Loos-en-Gohelle owes its prosperity to its coal deposits. Their discovery in 1850 gave birth to the Nord-Pas de Calais Mining Basin, 100km long and 15km wide. Sadly the First World War saw the town razed to the ground, but coal was its saviour once more, helping the town rise back from the ashes. Then in 1986, the unavoidable happened—the mining activities had to stop for good.
Loos-en-Gohelle could have followed in the sorrowful footsteps of many mining towns across the world, accepting its fate and allowing decay to do its work. People grieved the loss not only of their jobs but their pride. The mining industry that they once held in such high regard shapeshifted and started to be seen as predatory. But then-mayor Marcel Caron was not afraid of embracing a challenging and costly transformation.
The metamorphosis began in the 90s. A plan was drawn up in consultation with the local population, ensuring that the transformed Loos-en-Gohelle met the expectations of the people, and not just those in power. The town engaged an engineering team of a dozen specialists and tasked them with turning their vision into reality.
This is how Loos-en-Gohelle became a French postcard of sustainable local development. Schools and kindergartens have covered their roofs with solar panels. Farmers stopped using pesticides and now share agricultural equipment through a collective they created. All new constructions follow new eco-building standards. Even the posh mine engineer’s house was retrofitted with new thermal technology and is now serving as a demo building..
And as for the spoil tips, they too have been transformed. While one can hardly imagine anywhere less attractive for a walk than a waste heap, nature’s pull is strong, and the man-made peaks have been reclaimed by green, turning the area into a favourite hiking spot.
I stood on top of one of them on a sunny April evening, waiting for sundown.
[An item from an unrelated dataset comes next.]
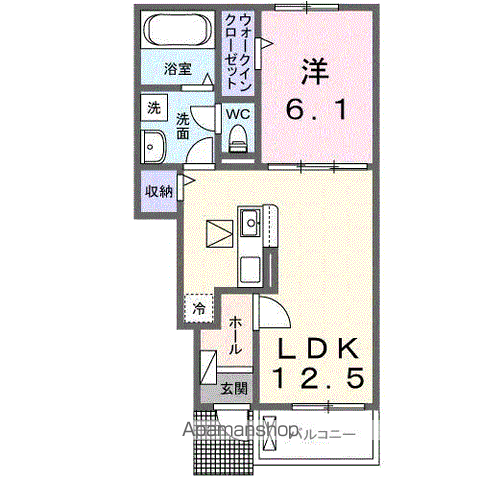 アンフィニ アムールⅡ(1LDK/1階)の間取り写真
I contemplated what UNESCO called 'a living and changing landscape' when they accepted the mines of the Nord-Pas de Calais region onto the list of World Heritage Sites. Two middle-aged men joined my watch, settling in with beer cans. I looked down at base 11/19, one of the most important mining sites of the region. It was built to help humans penetrate the soil as deep as 1000 m and exploit its resources. Now, it’s a local hub for culture and environmental activities, home to fresh ideas.
The sun disappeared beyond the horizon, lights went up at the base, and it was time to go. But as I packed my tripod and cameras, I kept thinking about what I did not see, the invisible layer to this beautiful story of transition. Despite all efforts, one cannot say that Loos-en-Gohelle escaped the environmental problems that mining usually causes. After a century and a half of mining, the soil had sunk by 15 m, and the water tables were contaminated. But in Loos-en-Gohelle, people do not turn a blind eye to problems. They work on the mistakes of the past. And thus they have control over their future.